WORK TASK
Please repeat, exactly and without pictures, the lines of the entries below that run from the one containing "818 Placid Dr, Mesquite, TX" through the one containing "Vestido negro de".

PROVIDED ENTRIES: Begin

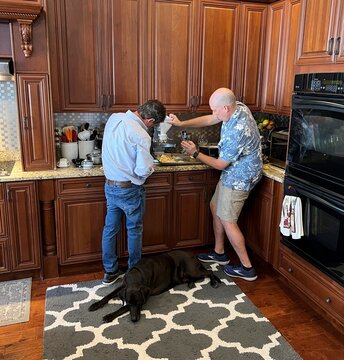 men cooking in the kitchen with their dog
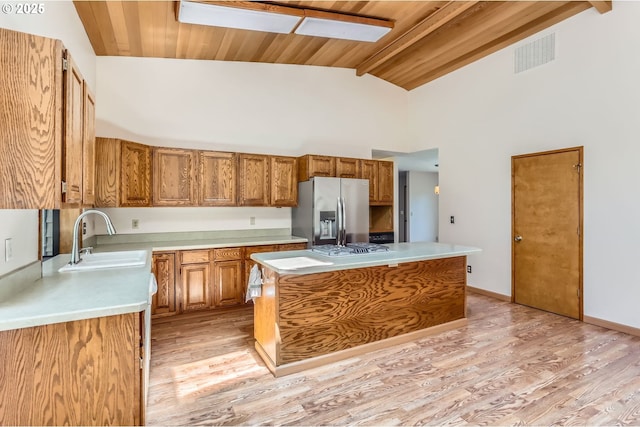 17708 SW Meadowbrook Way, Beaverton, OR 97078 - kitchen featuring stainless steel refrigerator with ice dispenser, a sink, light countertops, a kitchen island, and brown cabinetry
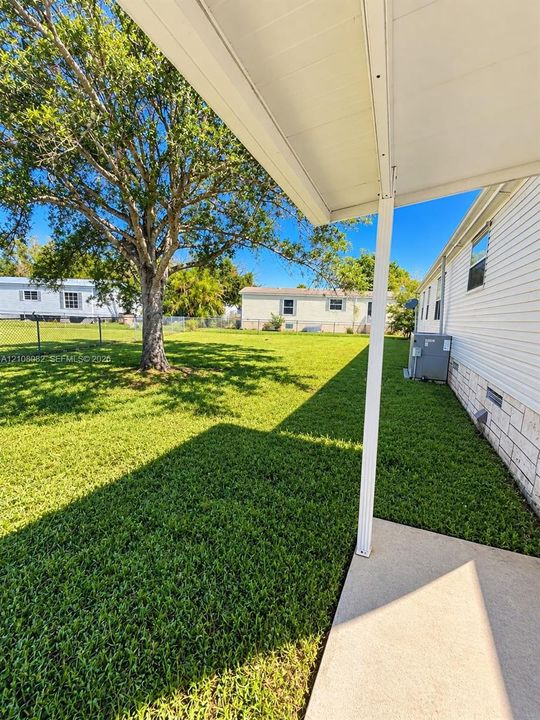 Covered concrete patio, expansive lawn, mature shade tree, perimeter wire fencing, and white horizontal siding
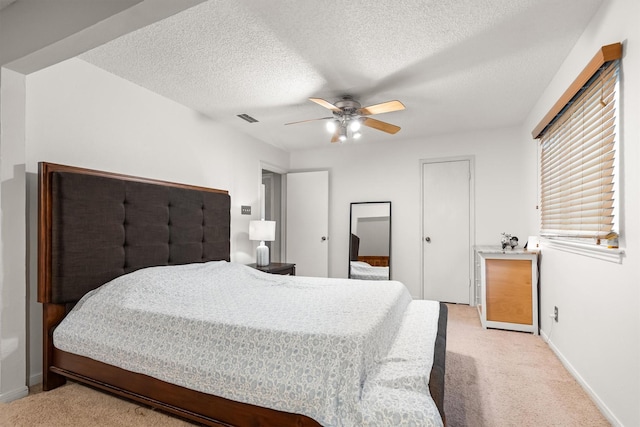 818 Placid Dr, Mesquite, TX 75150 - bedroom featuring light colored carpet, baseboards, a textured ceiling, and ceiling fan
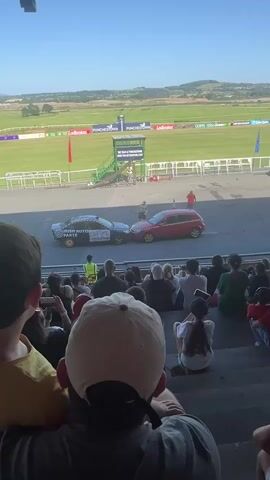The video shows a crowd of people sitting in bleacher seats, facing a racing track. Two cars, one black and one red, are positioned nose-to-nose on the track, with a person in a yellow vest standing between them. The black car appears to have some text or logos on its side. In the background, a green structure with stairs and a platform is visible, along with a grassy field and hills. The sky is clear and blue, indicating it is daytime. Some people in the crowd are holding up phones, presumably to record the event. The scene suggests an event involving a car demonstration or competition.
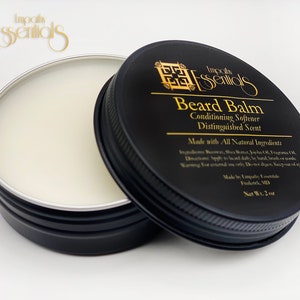 May include: A black tin with a silver lid containing a white beard balm. The tin has gold lettering that reads "Impala Essentials Beard Balm Conditioning Softener Distinguished Scent Made with All Natural Ingredients Made by Impala Essentials Frederick, MD Net Wt. 2 oz."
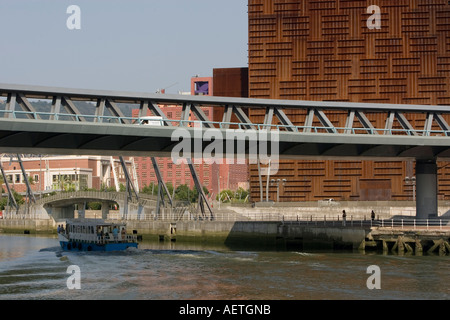 Boat on river Nervion passing under Puente Euskalduna Euskalduna Palace in background Bilbao, Basque Country Spain Stock Photo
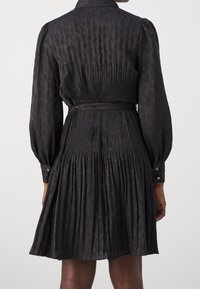 Vestido negro de camiseta con un estampado de leopardo, textura plisada, cintura ajustada y mangas largas con puños de botón.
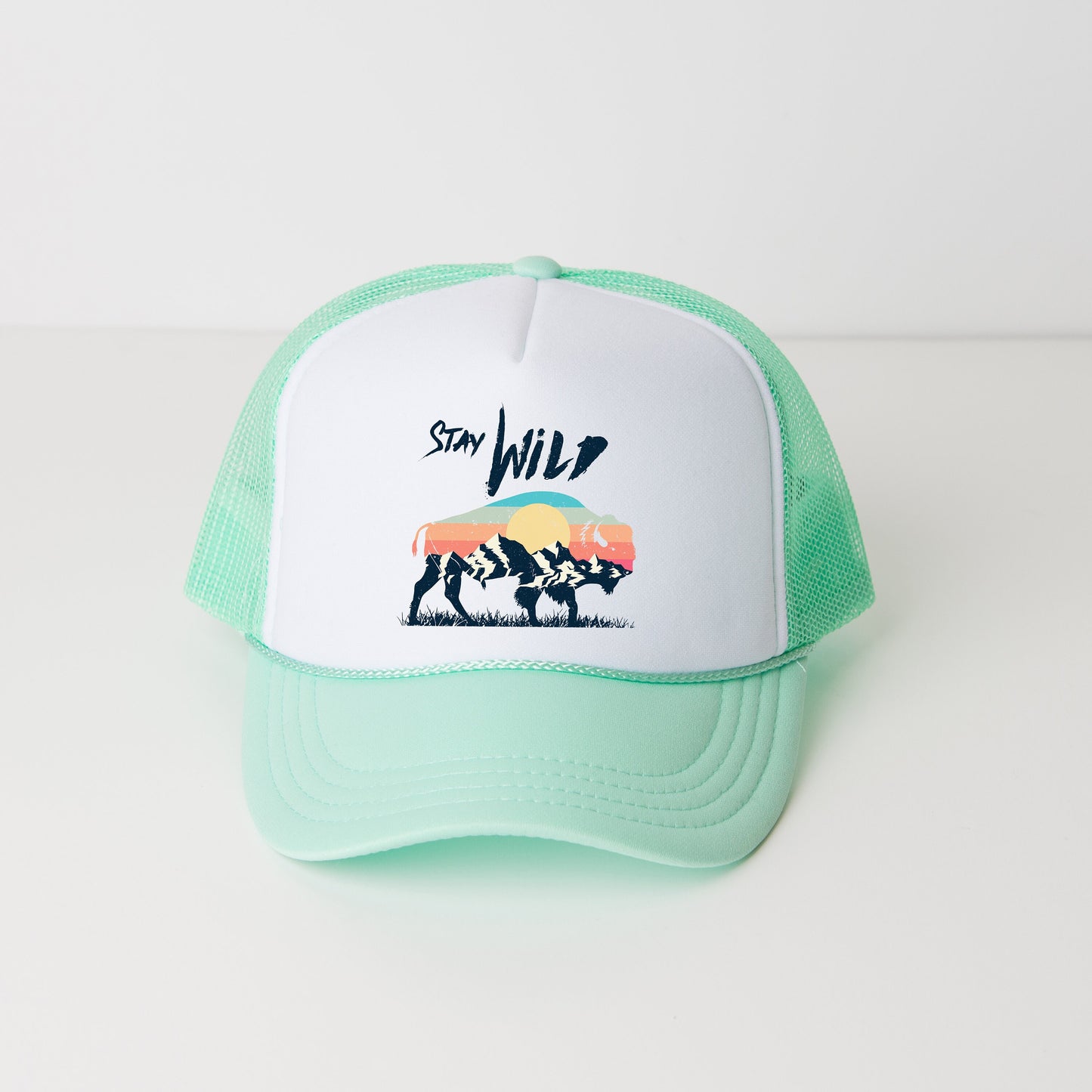 a green and white trucker hat with a picture of a bear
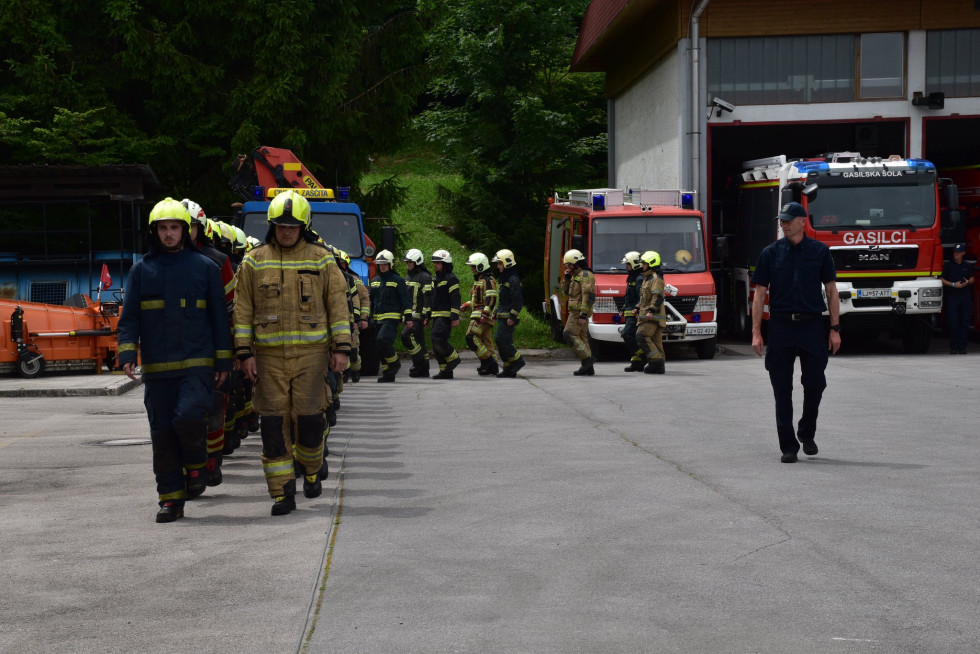 Novo usposobljeni gasilci so v gasilskih oblačilih postrojeni na ploščadi centra na Igu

PROVIDED ENTRIES: End

WRITTEN ANSWER
 818 Placid Dr, Mesquite, TX 75150 - bedroom featuring light colored carpet, baseboards, a textured ceiling, and ceiling fan
The video shows a crowd of people sitting in bleacher seats, facing a racing track. Two cars, one black and one red, are positioned nose-to-nose on the track, with a person in a yellow vest standing between them. The black car appears to have some text or logos on its side. In the background, a green structure with stairs and a platform is visible, along with a grassy field and hills. The sky is clear and blue, indicating it is daytime. Some people in the crowd are holding up phones, presumably to record the event. The scene suggests an event involving a car demonstration or competition.
 May include: A black tin with a silver lid containing a white beard balm. The tin has gold lettering that reads "Impala Essentials Beard Balm Conditioning Softener Distinguished Scent Made with All Natural Ingredients Made by Impala Essentials Frederick, MD Net Wt. 2 oz."
 Boat on river Nervion passing under Puente Euskalduna Euskalduna Palace in background Bilbao, Basque Country Spain Stock Photo
 Vestido negro de camiseta con un estampado de leopardo, textura plisada, cintura ajustada y mangas largas con puños de botón.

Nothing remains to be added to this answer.